Home News Tuesday News, July 12

Tuesday News, July 12



The Plymouth County Board of Supervisors this morning approved the purchase of a new law enforcement vehicle for the county. It’s called a Bearcat. It is an armored vehicle that is used in rapid response incidents. Le Mars Police has had such a vehicle for over 20 years, but its no longer serviceable. Plymouth County would be in charge of the Bearcat, but it would be used in support of law enforcement agencies in surrounding counties. The Bearcat is manufactured by a firm in Massachusetts, and costs some 327-thousand dollars. Sheriff Jeff Te Brink says some counties have already contributed to the cost of the vehicle, and others will follow. The Supervisors approved the purchase. It is to be ready for use in about a year. The purchase will be covered by the county’s share of state covid recovery funds.


A Kingsley man was sentenced to over two years in federal prison for illegal firearms possession. 35 year old Levi Dimmitt pleaded guilty to the charges last December. Evidence indicates Dimmitt was a user and a distributor of Marijuana and methamphetamine, while also in possession of firearms.
Authorities executed a search warrant at his residence in Sibley on April 24 of 2021. Inside, officers located drug paraphernalia, marijuana, methamphetamine, and guns at various location throughout the home and garage. Dimmitt was sentenced last Thursday to 27 months in federal detention, and serve two years of supervised release after serving his sentence.


The Le Mars Community School Board of Education will explore other options for renovating the high school ball diamonds. A public hearing brought no public comment on the plans before the board, to create a permanent press box facility at the diamonds. Construction bids were received on a couple of options for the project. While there was no estimate of costs for this work, bids for the work, including options and contingencies, came in at 183-thousand dollars. In their discussion, board members were concerned about the high cost for the project. The board rejected all the bids for the work, and directed the Superintendent to seek other construction options. One option discussed by the board is to explore having the high school construction class carry out the project,



Plymouth County has the state’s most expensive gasoline. According to Triple A Iowa, the average price for a gallon of gasoline in Plymouth, Appanoose and Page counties is 4 dollars, 66 cents per gallon. This is despite a report that says gas prices are on a slight downward trend. Triple A says the statewide average price is 4-47 a gallon, down 11 cents from last week. The cheapest gas is in Henry County in southeast Iowa, at 4-23 a gallon.

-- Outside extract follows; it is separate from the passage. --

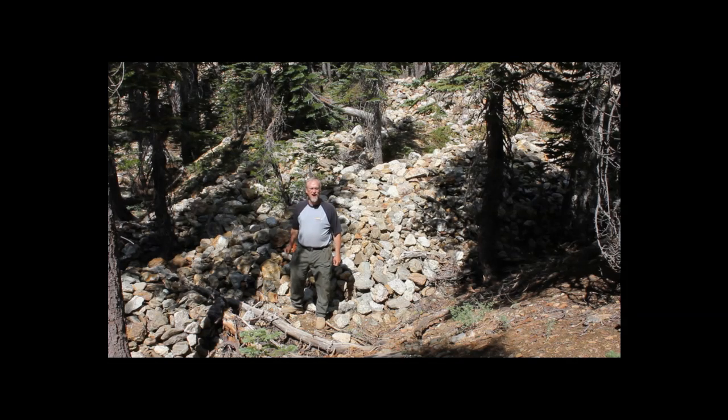Hey, I'm Chris Ralph, the professional prospector, and this is my channel about helping you to become a better prospector and find more gold.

The Iowa Department of Transportation will hold a public information meeting on US Highway 75 improvements in Hinton. The meeting will be Thursday, July 21, at the Hinton City Hall, from 5 to 7 pm.
DOT plans a resurfacing project on the highway in 2023 and 2024, affecting northbound and southbound lanes of the highway past Hinton. The study area is from south of Grover St. to north of West Maple St.
At the meeting, Iowa DOT staff and project consultants will be present to discuss the proposed study. No formal presentation will be made.
There is also a virtual presentation of the project. I can be accessed anytime between July 21 and August 1 at www.iowadot.gov/pim – click on US 75 Planning Study Meeting #1.



A new law allowing ATVs and UTVs to travel gravel roads has taken effect in Iowa this month.

Plymouth County Sheriff Jeff Te Brink explains what’s allowed under the new law.

Te Brink says half the counties in Iowa have already passed such ordinances.

Sheriff Te Brink says the law is still intended to allow the use of these four-wheeled vehicles on county roads, but only for a specific purpose, not pleasure riding.



State revenues in Iowa are 12-point-three percent higher right now than they were a year ago at this time. The state’s Legislative Services Agency is predicting that the expected budget surplus will be a little higher than the original estimate of one-point-three billion dollars. The L-S-A’s Jeff Robinson, Senior, says there was “pretty good job growth” in 2021, which translated to growth in the number of people making money.



A fast-moving storm system caused scattered wind damage and knocked the power offline in several cities early Monday morning across western, central and eastern Iowa. National Weather Service meteorologist Roger Vachalek says it’s still unclear if this powerful system, moving at speeds up to 55 miles an hour, constituted yet another derecho.

The strongest winds in the storm were reported in western Iowa’s Carroll County.

Damage, mostly to trees, is also reported in communities including: Ames, Denison, Jefferson, Zearing, Grand Junction and Riverside. Last Tuesday, Iowa had its third derecho in three years, with winds that caused damage across parts of northern and eastern Iowa. It followed even-more-damaging derechos in August of 2020 and in December of 2021.